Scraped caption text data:
━━━━━━━━━━━━━━━━━━━━

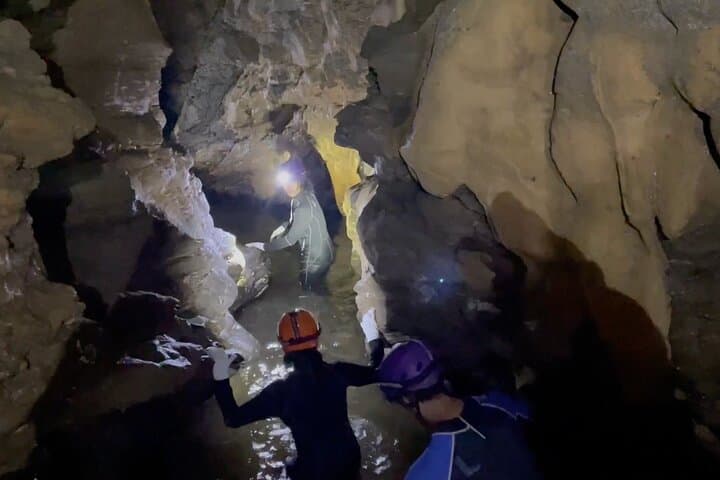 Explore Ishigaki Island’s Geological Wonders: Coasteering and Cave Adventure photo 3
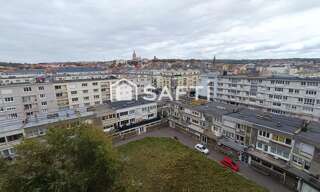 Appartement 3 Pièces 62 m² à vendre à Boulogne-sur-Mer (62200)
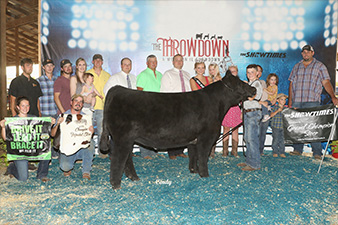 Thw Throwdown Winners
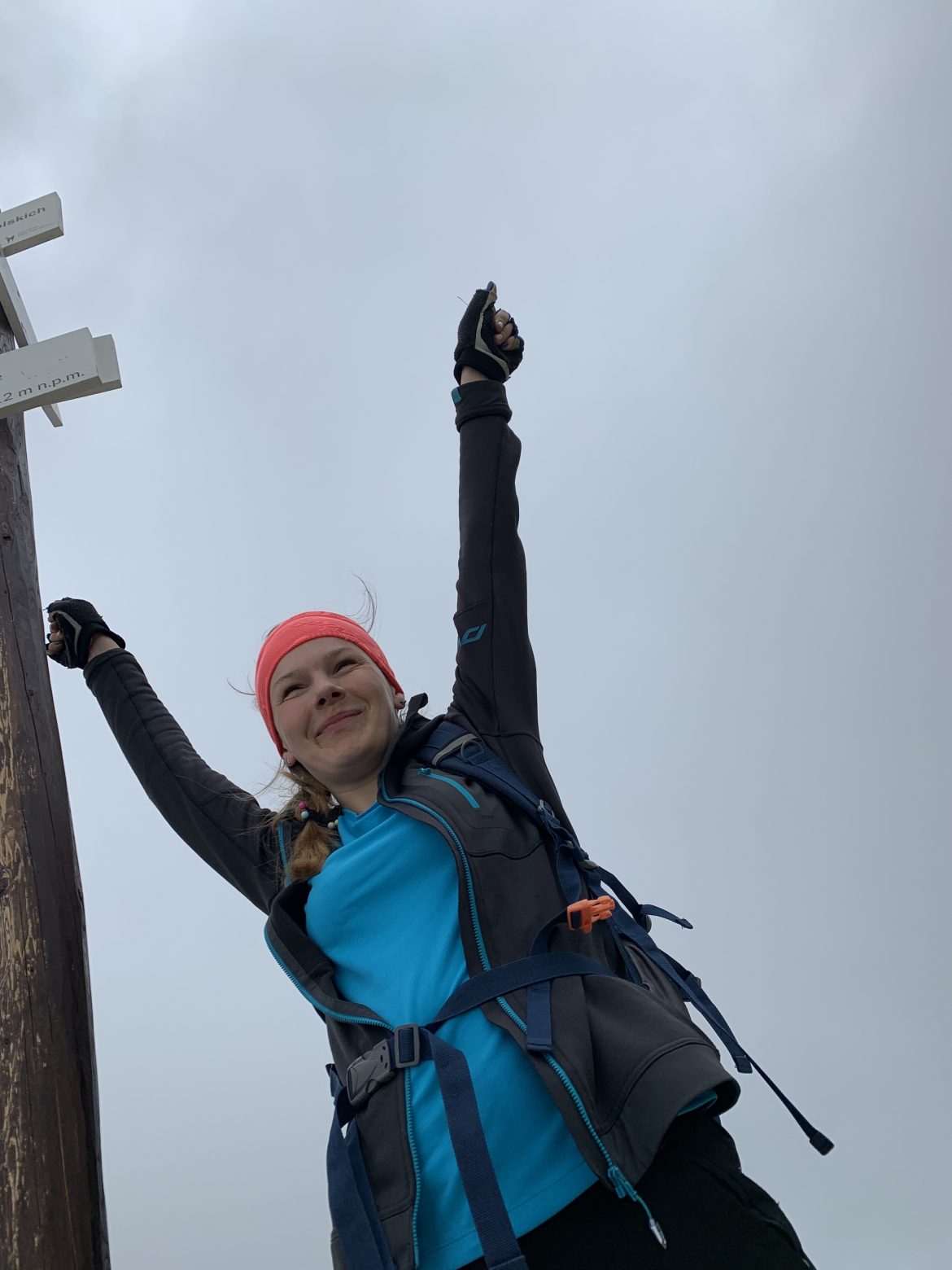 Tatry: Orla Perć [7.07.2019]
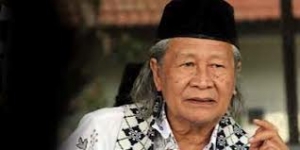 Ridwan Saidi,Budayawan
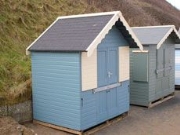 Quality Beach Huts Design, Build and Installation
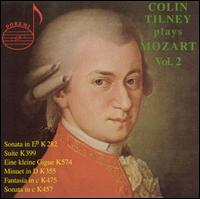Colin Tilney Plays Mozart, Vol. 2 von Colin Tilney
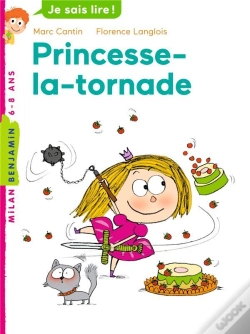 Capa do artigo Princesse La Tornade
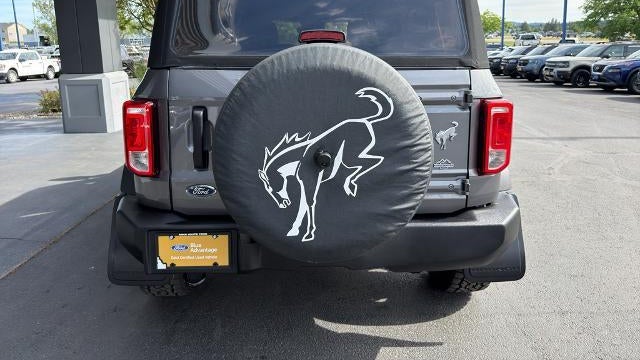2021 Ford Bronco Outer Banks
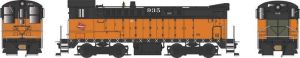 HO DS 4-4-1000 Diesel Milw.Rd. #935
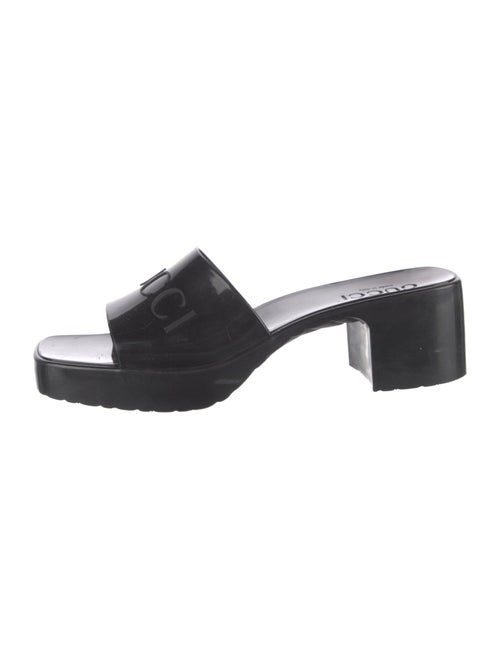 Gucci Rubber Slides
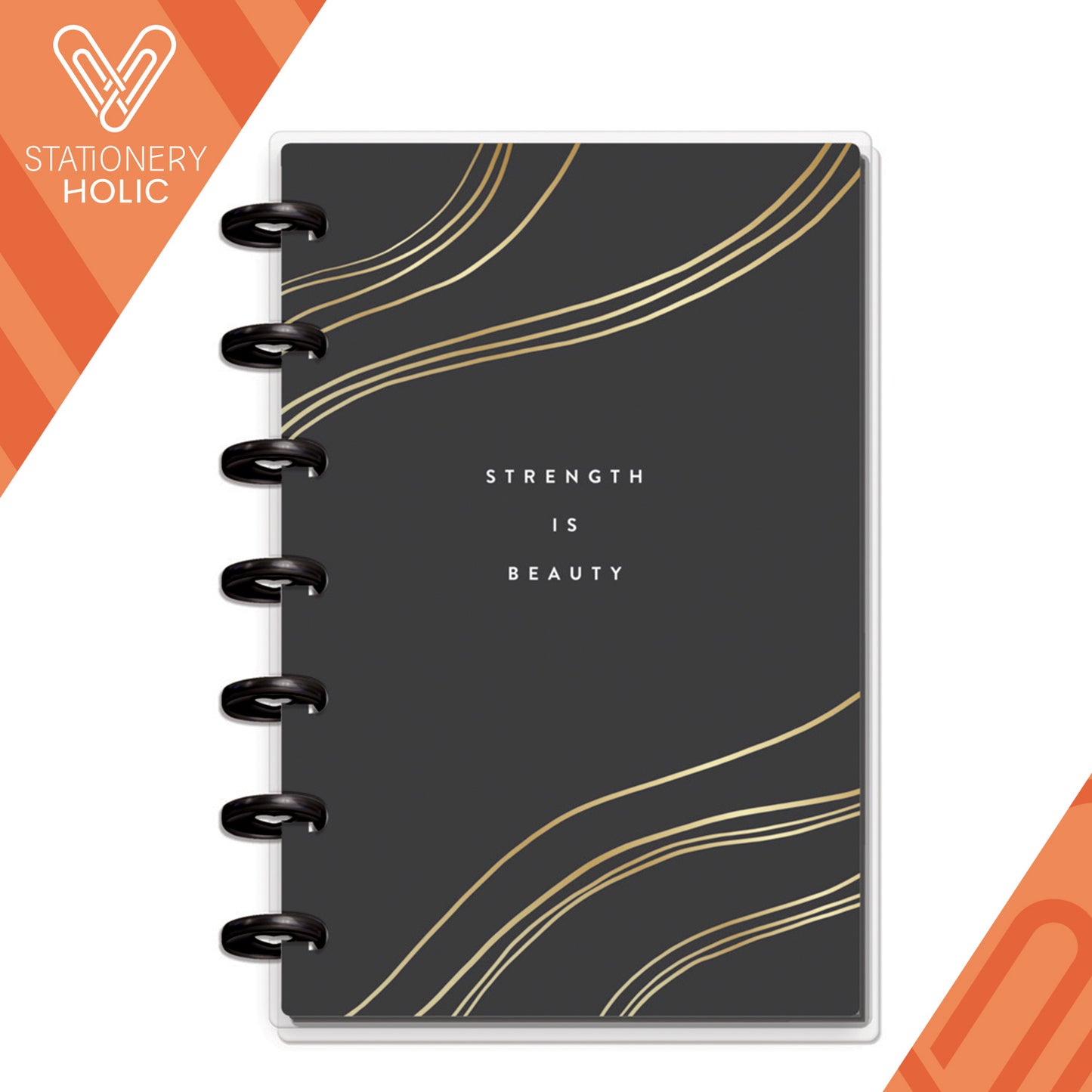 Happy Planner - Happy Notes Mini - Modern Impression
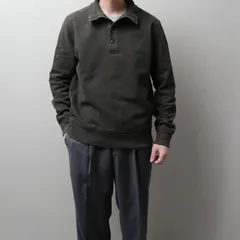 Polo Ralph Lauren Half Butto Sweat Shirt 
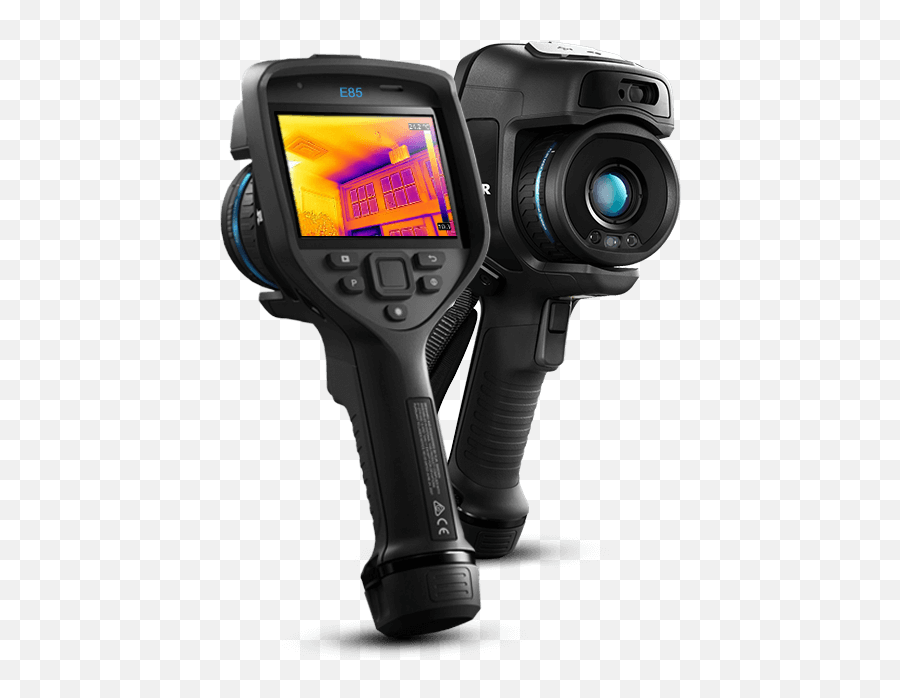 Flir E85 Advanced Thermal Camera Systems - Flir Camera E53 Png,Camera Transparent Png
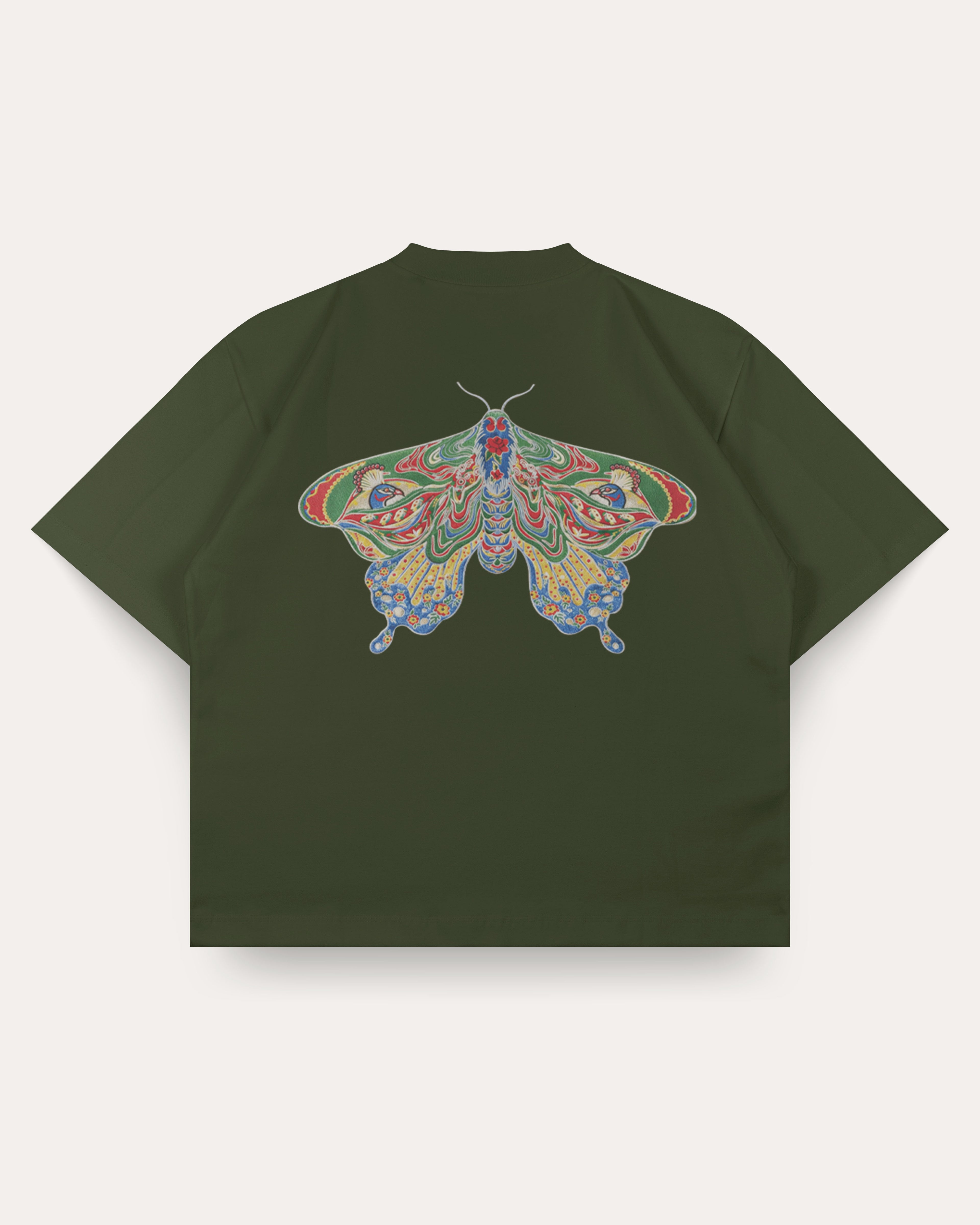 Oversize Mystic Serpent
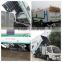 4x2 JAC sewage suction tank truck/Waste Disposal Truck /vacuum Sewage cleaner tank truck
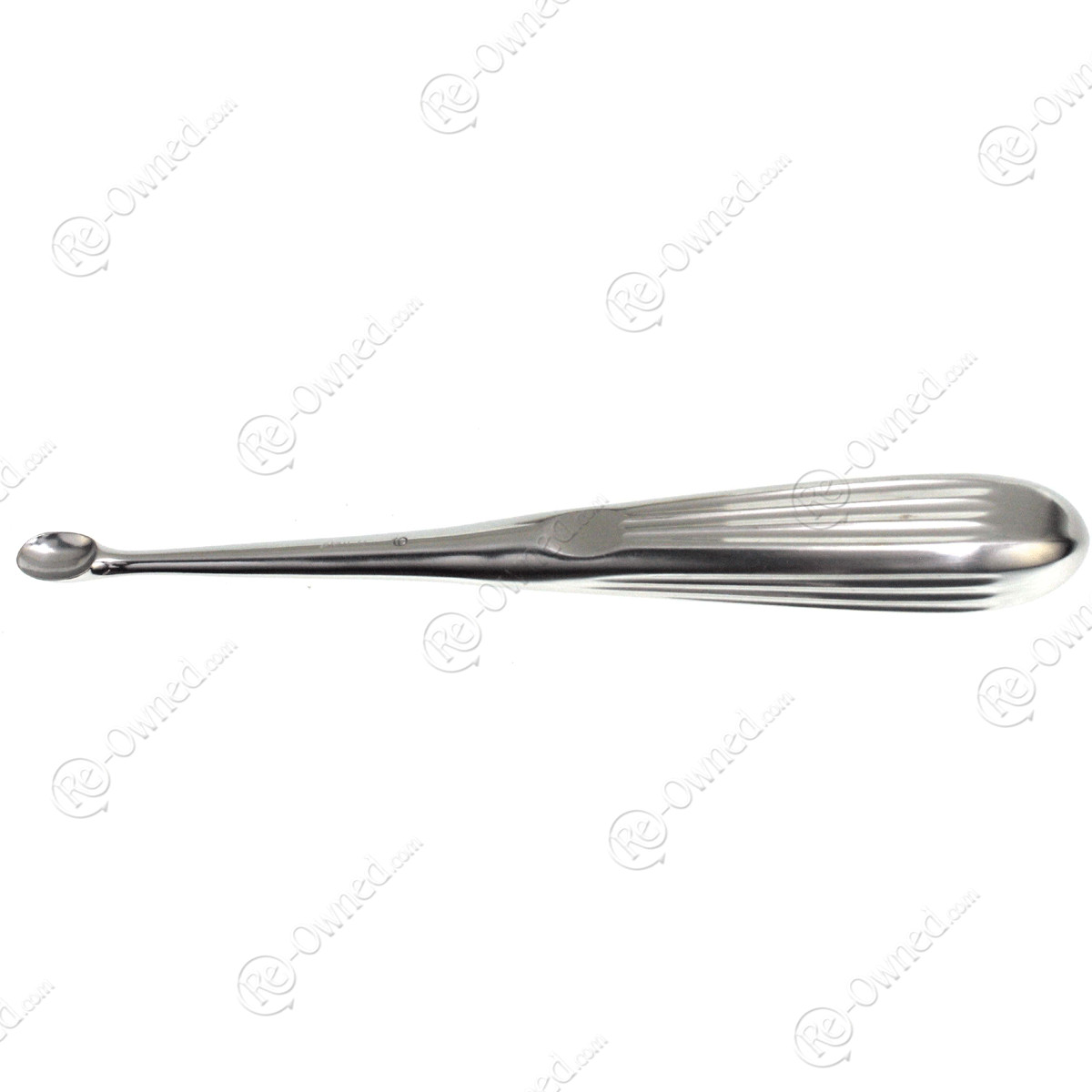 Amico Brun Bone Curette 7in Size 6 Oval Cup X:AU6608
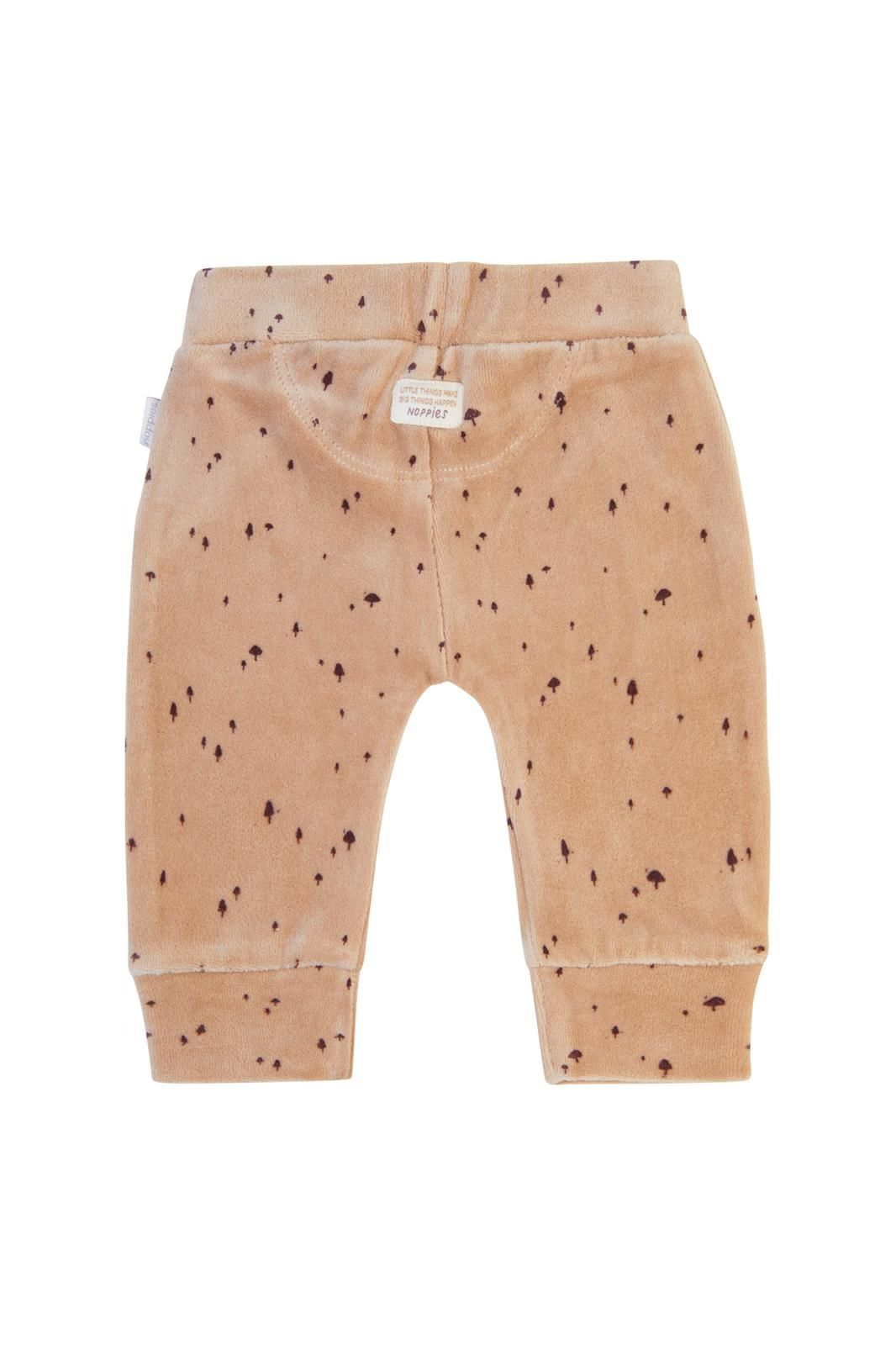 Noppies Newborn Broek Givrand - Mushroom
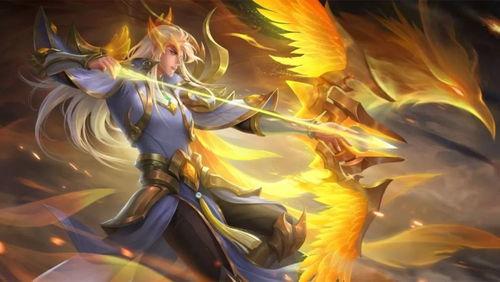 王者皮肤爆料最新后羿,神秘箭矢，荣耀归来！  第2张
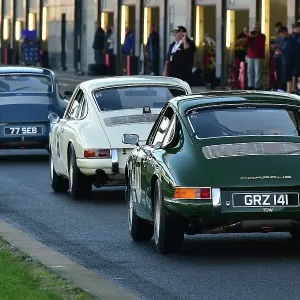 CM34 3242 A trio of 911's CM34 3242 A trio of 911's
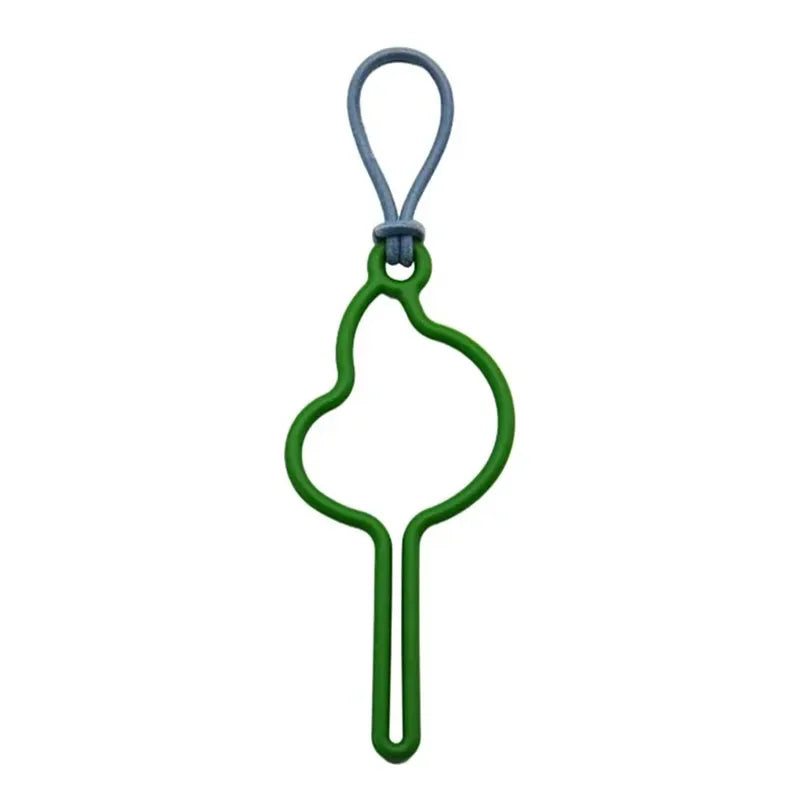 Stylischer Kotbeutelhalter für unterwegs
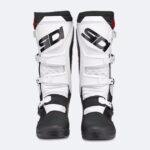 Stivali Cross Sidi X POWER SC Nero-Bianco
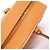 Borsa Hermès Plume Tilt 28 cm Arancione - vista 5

━━━━━━━━━━━━━━━━━━━━

§ **PROBLEM DETAILS**
The required result is an exact copy of the lines from the line containing "Colin Tilney Plays" through the end of the entries, with every picture left out.

§ **EXPECTED ANSWER**
Colin Tilney Plays Mozart, Vol. 2 von Colin Tilney
 Capa do artigo Princesse La Tornade
2021 Ford Bronco Outer Banks
 HO DS 4-4-1000 Diesel Milw.Rd. #935
 Gucci Rubber Slides
 Happy Planner - Happy Notes Mini - Modern Impression
 Polo Ralph Lauren Half Butto Sweat Shirt 
 Flir E85 Advanced Thermal Camera Systems - Flir Camera E53 Png,Camera Transparent Png
 Oversize Mystic Serpent
 4x2 JAC sewage suction tank truck/Waste Disposal Truck /vacuum Sewage cleaner tank truck
 Amico Brun Bone Curette 7in Size 6 Oval Cup X:AU6608
 Noppies Newborn Broek Givrand - Mushroom
 王者皮肤爆料最新后羿,神秘箭矢，荣耀归来！  第2张
 CM34 3242 A trio of 911's CM34 3242 A trio of 911's
 Stylischer Kotbeutelhalter für unterwegs
 Stivali Cross Sidi X POWER SC Nero-Bianco
 Borsa Hermès Plume Tilt 28 cm Arancione - vista 5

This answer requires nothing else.